In the bargain, more of its products could also get established in the country he says.
 
Microsoft Research's Bangalore centre is the third overseas research facility after one in Cambridge, started 1996, and another in Beijing started the next year. Half the 700 people at Microsoft Research work overseas, including now, those in Bangalore.
 
"A small group of outstanding people we have put together in Bangalore will focus on research that might have an impact on the lives of Indians in the villages... for this we are not only doing hardcore computer science, but also working with social scientists and ethnographers," Daniel T Ling, corporate vice president of Microsoft Research told Business Standard.
 
Ling, one of the key people at Microsoft Research, is very clear that "while the 700-odd people of Microsoft Research do pure research," in Redmond, San Francisco, Cambridge, Beijing and now Bangalore, "we would very much want as much of this work to make the transition to commercial products."
 
So work that P Anandan, Microsoft Research India's, managing director and his small team will do in Bangalore, could for instance help build software programmes that will be available to Indians in their own languages.
 
That is where the social scientists and the ethnographers come in, helping with cultural nuances and finding local language equivalents to words that describe various functions on the computer screen, for instance.
 
Much of this is already reality through the local language initiatives the company is funding in its markets. What will be exciting in the days to come will be, say, the access a farmer will get to the results of the best university research on soil testing, crop patterns and other information immediately relevant to him, in his own language literally at the touch of a few buttons.
 
"Last year, Kentaro Toyama, who will be the assistant managing director of Microsoft Research India, made a whistle stop tour of key centres of research in India and also looked at initiatives such as the ITC's e-chaupals.
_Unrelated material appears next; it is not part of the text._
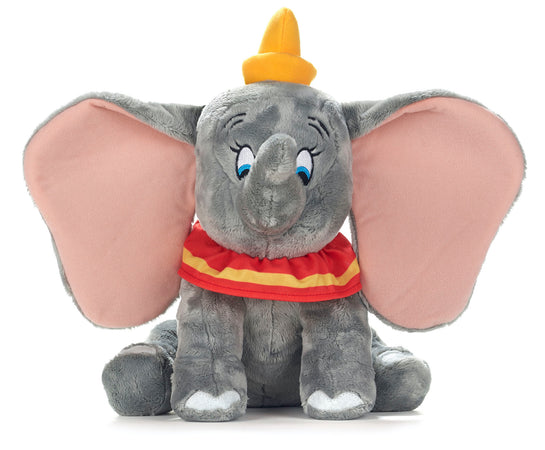 Disney Dumbo Plush Toy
The work that his and Anandan's team will do will definitely factor in such initiatives," Ling says.
 
In the US, a team in the company's San Francisco research lab has already done work on making huge databases available to a large number of people "on the web in a standardised manner". Maps from the US Geological Service or data on agricultural research can be accessed in an advanced pilot called Terra Server.
 
Work in the US was spread across a wide spectrum including many promising areas of computer science "" systems, networking, natural language, speech recognition, artificial intelligence, reasoning under uncertainty, databases and software tools.
 
Technologies these people are working on include ways to tackle spam (unwanted e-mail for intance), software programmes that will pull information from huge databases to help retail banks to grocery super chains to track customer behaviour, tools (software programmes that will help build other software applications) in areas such as computer security, re-directing people away from traffic gridlocks using signals captured from a network of sensors placed along different routes and software that will prioritise what in a web page is important, especially when viewed on a cell phone screen.
 
Another important technology is software that will 'decide' which messages or missed phone calls are important and route them accordingly to a mobile phone or a computer or fax. So if you are on a well deserved holiday away from everything, a call from your children could be directed to your cell phone but one from your boss could go to a computer at home.
 
In the future, just about everything will have a computer "buried in it" and the trick is to make them work well together, says Ling.
 
For instance, if you are watching a movie on your cell phone in the back of a taxi, once you reach home you should be able to switch to a television or a computer without missing any of the movie.
 
This means that the technology that runs your cell phone must talk to your television. This is happening, and sooner than one thinks, such cell phones and televisions will also emerge in the market, he says.